Scaling LeanMQ
This guide covers strategies for scaling LeanMQ to handle high message volumes, improve throughput, and ensure reliability under load.
Understanding Scaling Challenges
As your application grows, you'll face several scaling challenges:
- Message volume: More messages being sent and processed
- Processing throughput: Need to process messages faster
- Reliability under load: Maintaining performance during traffic spikes
- Resource usage: Efficient use of CPU, memory, and network resources
- Redis limitations: Working within the constraints of Redis
Vertical vs. Horizontal Scaling
LeanMQ supports both vertical and horizontal scaling approaches:
Vertical Scaling
Vertical scaling involves adding more resources to a single instance:
- Using a more powerful Redis server
- Increasing memory allocation
- Running more worker threads in a single process
Horizontal Scaling
Horizontal scaling involves distributing the load across multiple instances:
- Running multiple webhook service instances
- Using Redis Cluster for distributed storage
- Partitioning queues across different Redis instances
Multi-Worker Processing
The simplest way to scale LeanMQ is to run multiple worker processes:
python
import multiprocessing
def start_worker(worker_id):
"""Start a webhook worker process."""
print(f"Starting worker {worker_id}")
# Initialize webhook
webhook = LeanMQWebhook(
redis_host="localhost",
redis_port=6379,
redis_db=0,
prefix="webhook:" # Same prefix for all workers
)
# Register handlers
@webhook.get("/order/status/")
def process_order_status(data):
print(f"Worker {worker_id} processing order {data['order_id']}")
# Process the message...
@webhook.get("/product/inventory/")
def process_inventory_update(data):
print(f"Worker {worker_id} processing product {data['product_id']}")
# Process the message...
# Start the service
service = webhook.run_service()
try:
# Keep the worker alive
while service.is_alive():
time.sleep(1)
except KeyboardInterrupt:
print(f"Worker {worker_id} shutting down...")
finally:
service.stop()
webhook.close()
def main():
"""Start multiple worker processes."""
# Determine number of workers based on CPU cores
num_workers = max(2, multiprocessing.cpu_count())

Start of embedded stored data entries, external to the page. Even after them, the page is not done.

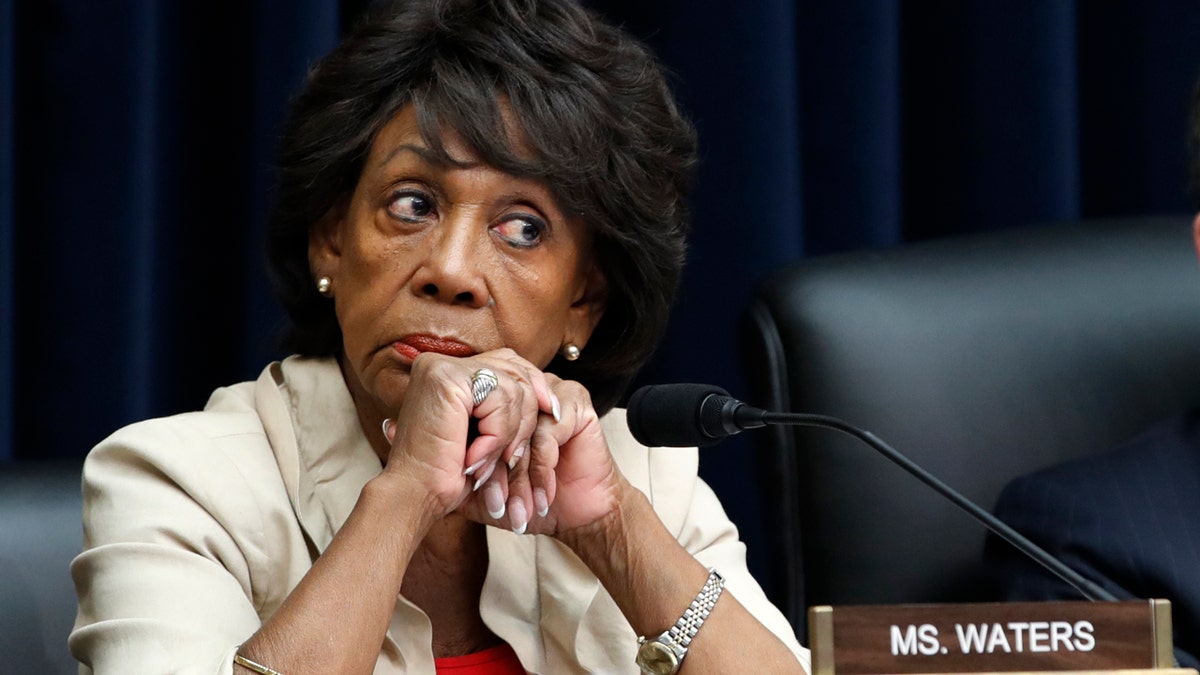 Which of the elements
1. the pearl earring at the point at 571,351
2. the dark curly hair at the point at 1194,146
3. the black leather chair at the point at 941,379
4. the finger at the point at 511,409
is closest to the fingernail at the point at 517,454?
the finger at the point at 511,409

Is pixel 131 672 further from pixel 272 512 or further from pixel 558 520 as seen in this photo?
pixel 558 520

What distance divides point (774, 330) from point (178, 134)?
84 centimetres

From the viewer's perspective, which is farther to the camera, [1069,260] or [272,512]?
[1069,260]

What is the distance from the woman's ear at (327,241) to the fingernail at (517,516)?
0.34 m

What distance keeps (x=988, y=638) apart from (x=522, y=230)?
67cm

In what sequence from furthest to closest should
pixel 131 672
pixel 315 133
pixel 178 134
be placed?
pixel 178 134 < pixel 315 133 < pixel 131 672

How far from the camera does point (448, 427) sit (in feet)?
4.73

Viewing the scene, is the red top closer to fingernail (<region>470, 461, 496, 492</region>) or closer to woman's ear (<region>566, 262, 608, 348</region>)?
fingernail (<region>470, 461, 496, 492</region>)

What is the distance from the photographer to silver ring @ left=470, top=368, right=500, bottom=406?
4.78ft

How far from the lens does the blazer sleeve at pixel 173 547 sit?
139 centimetres

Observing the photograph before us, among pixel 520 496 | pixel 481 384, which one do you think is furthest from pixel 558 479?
pixel 481 384

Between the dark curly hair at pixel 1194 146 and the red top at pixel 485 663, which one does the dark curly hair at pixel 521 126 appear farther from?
the dark curly hair at pixel 1194 146

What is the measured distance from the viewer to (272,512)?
157 cm

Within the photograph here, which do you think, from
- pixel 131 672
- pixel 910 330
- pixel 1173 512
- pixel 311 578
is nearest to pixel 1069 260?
pixel 910 330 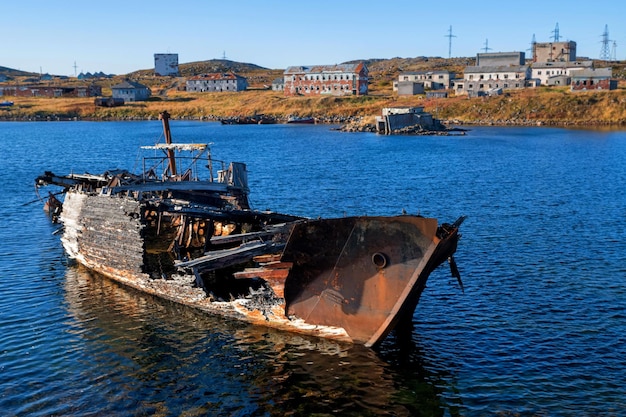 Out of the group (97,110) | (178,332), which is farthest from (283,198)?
(97,110)

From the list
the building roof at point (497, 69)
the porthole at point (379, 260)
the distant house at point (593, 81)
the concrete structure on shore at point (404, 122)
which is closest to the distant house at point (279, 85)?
the building roof at point (497, 69)

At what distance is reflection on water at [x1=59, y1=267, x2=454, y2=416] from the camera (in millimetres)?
17156

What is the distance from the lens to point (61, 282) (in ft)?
95.3

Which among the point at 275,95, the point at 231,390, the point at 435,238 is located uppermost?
the point at 275,95

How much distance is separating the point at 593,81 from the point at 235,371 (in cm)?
13818

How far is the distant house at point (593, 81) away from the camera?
438ft

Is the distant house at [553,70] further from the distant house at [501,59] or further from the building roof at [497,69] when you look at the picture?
the distant house at [501,59]

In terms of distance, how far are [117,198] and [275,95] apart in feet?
496

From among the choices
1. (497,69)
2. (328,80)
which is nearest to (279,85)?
(328,80)

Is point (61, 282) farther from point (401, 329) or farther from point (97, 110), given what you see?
point (97, 110)

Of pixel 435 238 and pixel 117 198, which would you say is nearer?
pixel 435 238

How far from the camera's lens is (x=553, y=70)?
6088 inches

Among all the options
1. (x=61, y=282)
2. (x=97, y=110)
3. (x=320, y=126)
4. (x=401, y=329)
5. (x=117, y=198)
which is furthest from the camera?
(x=97, y=110)

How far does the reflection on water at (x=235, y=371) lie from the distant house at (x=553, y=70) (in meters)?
147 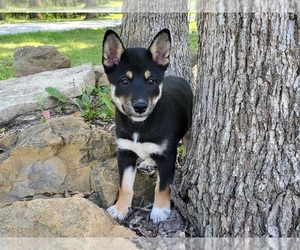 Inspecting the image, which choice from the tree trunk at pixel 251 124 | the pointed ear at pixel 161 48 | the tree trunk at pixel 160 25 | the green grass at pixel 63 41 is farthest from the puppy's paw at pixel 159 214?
the green grass at pixel 63 41

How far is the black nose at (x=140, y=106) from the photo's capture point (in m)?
3.30

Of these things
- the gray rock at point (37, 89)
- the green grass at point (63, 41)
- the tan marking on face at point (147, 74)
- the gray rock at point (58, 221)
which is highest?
the tan marking on face at point (147, 74)

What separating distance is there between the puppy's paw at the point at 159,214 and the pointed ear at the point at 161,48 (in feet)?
3.32

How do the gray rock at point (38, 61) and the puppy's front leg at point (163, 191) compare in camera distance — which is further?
the gray rock at point (38, 61)

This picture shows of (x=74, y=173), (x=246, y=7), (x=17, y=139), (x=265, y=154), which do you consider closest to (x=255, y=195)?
(x=265, y=154)

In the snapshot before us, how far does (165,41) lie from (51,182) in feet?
4.62

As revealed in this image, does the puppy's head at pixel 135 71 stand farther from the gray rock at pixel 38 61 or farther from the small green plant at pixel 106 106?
the gray rock at pixel 38 61

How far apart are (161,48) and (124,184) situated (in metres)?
1.01

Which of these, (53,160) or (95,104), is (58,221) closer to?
(53,160)

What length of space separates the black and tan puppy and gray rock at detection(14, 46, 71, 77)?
194 inches

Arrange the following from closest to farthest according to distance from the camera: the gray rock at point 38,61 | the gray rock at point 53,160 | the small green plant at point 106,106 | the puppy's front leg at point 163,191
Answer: the puppy's front leg at point 163,191, the gray rock at point 53,160, the small green plant at point 106,106, the gray rock at point 38,61

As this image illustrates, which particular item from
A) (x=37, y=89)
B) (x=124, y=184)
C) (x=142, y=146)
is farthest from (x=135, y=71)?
(x=37, y=89)

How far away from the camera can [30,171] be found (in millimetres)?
3971

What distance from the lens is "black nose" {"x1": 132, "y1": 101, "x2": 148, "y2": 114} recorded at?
3.30 metres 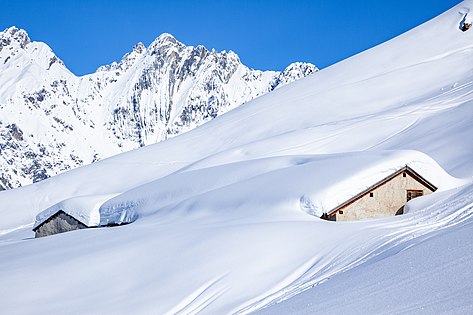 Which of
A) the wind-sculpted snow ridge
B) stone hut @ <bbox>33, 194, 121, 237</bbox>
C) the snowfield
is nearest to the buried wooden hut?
the snowfield

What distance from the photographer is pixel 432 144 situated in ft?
99.8

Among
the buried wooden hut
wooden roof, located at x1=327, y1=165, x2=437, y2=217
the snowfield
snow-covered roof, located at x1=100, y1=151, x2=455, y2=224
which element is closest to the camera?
the snowfield

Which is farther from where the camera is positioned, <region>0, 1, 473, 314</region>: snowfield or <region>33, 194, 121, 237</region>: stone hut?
<region>33, 194, 121, 237</region>: stone hut

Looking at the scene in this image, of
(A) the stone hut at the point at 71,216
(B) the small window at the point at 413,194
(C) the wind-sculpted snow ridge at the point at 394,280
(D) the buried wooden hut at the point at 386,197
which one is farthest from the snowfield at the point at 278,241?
(B) the small window at the point at 413,194

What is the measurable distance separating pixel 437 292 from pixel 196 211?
43.4 ft

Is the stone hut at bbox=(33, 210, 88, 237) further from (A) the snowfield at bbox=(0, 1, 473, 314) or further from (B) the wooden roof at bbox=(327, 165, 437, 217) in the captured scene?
(B) the wooden roof at bbox=(327, 165, 437, 217)

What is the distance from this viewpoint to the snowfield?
7.78 m

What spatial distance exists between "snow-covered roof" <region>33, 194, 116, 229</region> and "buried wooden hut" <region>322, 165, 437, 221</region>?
1039 centimetres

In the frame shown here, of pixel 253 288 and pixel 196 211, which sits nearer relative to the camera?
pixel 253 288

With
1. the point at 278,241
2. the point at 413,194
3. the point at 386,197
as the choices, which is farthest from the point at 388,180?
the point at 278,241

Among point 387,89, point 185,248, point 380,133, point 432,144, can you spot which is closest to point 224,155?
point 380,133

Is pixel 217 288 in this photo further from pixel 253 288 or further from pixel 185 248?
pixel 185 248

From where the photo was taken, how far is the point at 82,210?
81.9 feet

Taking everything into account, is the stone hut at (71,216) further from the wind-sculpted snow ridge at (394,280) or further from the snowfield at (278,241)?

print(f"Starting {num_workers} worker processes")
# Start worker processes
processes = []
for i in range(num_workers):
process = multiprocessing.Process(target=start_worker, args=(i,))
process.start()
processes.append(process)
# Wait for all processes to finish
for process in processes:
process.join()
if __name__ == "__main__":
main()Using Consumer Groups
LeanMQ uses Redis Streams consumer groups to distribute work across multiple consumers:
- Each message is delivered to only one consumer
- Messages are tracked as pending until acknowledged
- Multiple consumers can work on different messages from the same queue
This ensures that messages are processed exactly once, even with multiple workers.

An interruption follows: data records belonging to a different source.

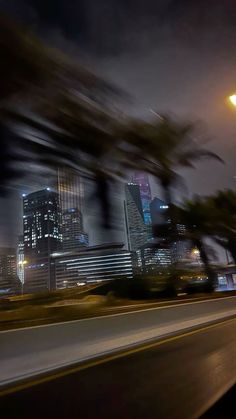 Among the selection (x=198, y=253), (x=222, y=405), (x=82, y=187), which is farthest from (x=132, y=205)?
(x=198, y=253)

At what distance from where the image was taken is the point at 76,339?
9.70 meters

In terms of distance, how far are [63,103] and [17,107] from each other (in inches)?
55.1

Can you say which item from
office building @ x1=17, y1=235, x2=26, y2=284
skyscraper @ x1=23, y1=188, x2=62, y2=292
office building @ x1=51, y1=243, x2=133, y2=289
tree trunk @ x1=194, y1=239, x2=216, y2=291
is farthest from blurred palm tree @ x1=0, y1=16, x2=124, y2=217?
tree trunk @ x1=194, y1=239, x2=216, y2=291

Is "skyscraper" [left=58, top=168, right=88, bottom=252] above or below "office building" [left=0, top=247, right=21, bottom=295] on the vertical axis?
above

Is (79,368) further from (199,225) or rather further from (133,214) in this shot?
(199,225)

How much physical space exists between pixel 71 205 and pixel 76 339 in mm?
7101

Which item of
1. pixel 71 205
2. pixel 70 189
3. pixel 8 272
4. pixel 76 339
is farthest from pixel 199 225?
pixel 76 339

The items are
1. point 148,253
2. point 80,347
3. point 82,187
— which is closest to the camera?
point 80,347

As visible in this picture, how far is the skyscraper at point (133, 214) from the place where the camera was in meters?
19.5

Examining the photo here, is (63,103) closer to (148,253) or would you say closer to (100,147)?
(100,147)

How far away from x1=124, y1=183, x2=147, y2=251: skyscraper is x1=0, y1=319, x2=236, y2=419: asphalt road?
10.8 metres

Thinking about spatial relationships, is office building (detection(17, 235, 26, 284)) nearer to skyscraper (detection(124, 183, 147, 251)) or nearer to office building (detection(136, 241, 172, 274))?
skyscraper (detection(124, 183, 147, 251))

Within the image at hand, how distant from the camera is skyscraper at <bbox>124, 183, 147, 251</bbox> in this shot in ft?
64.1

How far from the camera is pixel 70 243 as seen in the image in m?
21.1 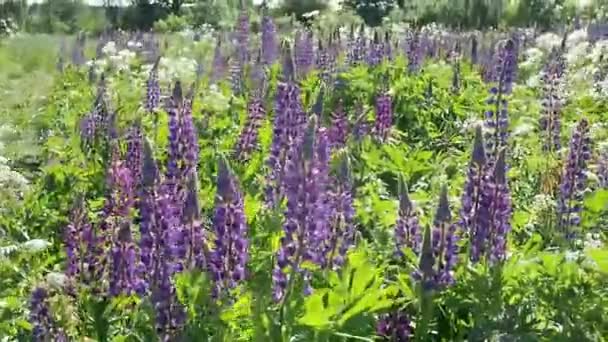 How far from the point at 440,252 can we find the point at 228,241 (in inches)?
32.2

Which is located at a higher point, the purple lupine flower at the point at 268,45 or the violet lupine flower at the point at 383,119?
the purple lupine flower at the point at 268,45

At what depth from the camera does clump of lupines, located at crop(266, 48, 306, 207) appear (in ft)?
15.4

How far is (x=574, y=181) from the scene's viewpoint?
15.0ft

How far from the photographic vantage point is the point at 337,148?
18.2 ft

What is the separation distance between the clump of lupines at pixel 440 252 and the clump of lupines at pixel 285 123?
143 cm

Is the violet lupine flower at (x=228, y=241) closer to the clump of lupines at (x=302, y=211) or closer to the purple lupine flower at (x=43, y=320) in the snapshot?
the clump of lupines at (x=302, y=211)

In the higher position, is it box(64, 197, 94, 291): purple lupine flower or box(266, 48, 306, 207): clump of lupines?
box(266, 48, 306, 207): clump of lupines

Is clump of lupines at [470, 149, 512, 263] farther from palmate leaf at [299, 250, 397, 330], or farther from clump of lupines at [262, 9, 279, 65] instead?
clump of lupines at [262, 9, 279, 65]

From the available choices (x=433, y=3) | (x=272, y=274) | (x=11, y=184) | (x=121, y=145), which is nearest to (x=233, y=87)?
(x=121, y=145)

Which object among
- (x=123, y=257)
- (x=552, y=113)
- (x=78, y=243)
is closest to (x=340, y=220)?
(x=123, y=257)

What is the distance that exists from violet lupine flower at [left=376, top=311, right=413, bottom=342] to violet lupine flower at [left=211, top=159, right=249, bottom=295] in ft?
2.04

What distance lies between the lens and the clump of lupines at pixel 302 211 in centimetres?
318

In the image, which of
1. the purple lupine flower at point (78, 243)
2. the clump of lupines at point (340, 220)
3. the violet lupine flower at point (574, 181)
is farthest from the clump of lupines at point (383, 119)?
the purple lupine flower at point (78, 243)

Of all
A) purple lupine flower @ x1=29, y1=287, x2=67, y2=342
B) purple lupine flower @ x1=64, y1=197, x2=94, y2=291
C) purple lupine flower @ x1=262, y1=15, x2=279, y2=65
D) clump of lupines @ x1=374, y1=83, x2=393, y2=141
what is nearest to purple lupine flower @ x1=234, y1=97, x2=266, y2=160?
clump of lupines @ x1=374, y1=83, x2=393, y2=141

Optimizing Message Processing
To improve processing throughput:
Batch Processing
Process messages in batches for better efficiency:
python
def process_messages_in_batches():
"""Process messages in batches for better throughput."""
while True:
# Get a batch of messages
messages = queue.get_messages(count=100, block=True, timeout=1)
if not messages:
time.sleep(0.1) # Avoid tight loop if no messages
continue
# Group messages by type for efficient processing
messages_by_type = {}
for message in messages:
msg_type = message.data.get("type", "unknown")
if msg_type not in messages_by_type:
messages_by_type[msg_type] = []
messages_by_type[msg_type].append(message)

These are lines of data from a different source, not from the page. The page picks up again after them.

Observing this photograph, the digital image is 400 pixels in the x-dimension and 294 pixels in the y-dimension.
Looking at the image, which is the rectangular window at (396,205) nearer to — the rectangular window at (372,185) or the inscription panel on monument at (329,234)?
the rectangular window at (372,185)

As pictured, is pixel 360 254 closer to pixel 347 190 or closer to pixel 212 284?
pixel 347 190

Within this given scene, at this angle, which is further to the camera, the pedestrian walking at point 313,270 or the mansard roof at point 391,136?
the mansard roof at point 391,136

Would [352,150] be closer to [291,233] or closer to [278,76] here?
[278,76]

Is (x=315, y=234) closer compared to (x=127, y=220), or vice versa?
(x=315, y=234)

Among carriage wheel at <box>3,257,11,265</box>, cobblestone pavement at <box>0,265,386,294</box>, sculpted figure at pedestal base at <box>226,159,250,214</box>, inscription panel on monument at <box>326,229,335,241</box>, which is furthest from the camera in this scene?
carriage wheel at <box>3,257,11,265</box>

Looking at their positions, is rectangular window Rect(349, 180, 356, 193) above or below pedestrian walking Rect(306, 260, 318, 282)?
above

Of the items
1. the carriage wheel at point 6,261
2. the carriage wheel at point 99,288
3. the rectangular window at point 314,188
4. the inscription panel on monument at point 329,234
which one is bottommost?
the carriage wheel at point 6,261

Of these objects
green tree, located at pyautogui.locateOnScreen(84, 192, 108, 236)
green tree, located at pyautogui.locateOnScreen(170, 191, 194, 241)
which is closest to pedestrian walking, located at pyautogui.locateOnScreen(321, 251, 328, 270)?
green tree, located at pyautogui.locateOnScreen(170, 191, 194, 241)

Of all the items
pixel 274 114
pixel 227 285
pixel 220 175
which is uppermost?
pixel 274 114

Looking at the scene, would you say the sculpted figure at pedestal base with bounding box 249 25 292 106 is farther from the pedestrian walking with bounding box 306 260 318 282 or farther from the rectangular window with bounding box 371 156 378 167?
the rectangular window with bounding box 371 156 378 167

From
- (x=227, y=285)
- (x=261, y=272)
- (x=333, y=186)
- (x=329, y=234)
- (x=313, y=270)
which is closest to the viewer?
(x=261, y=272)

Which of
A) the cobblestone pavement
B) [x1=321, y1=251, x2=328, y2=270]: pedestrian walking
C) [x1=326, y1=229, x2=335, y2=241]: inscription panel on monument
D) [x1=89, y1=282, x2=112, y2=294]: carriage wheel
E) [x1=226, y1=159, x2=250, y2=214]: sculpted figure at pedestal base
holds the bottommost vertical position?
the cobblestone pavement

# Process each type in a batch
for msg_type, msg_batch in messages_by_type.items():
try:
# Extract just the data for batch processing
batch_data = [msg.data for msg in msg_batch]
# Process the batch
batch_process_by_type(msg_type, batch_data)
# Acknowledge all successfully processed messages
message_ids = [msg.id for msg in msg_batch]
queue.acknowledge_messages(message_ids)
except Exception as e:
logger.error(f"Error processing batch of type {msg_type}: {e}")
# Move failed batch to DLQ
message_ids = [msg.id for msg in msg_batch]
dlq = mq.get_dead_letter_queue(queue.name)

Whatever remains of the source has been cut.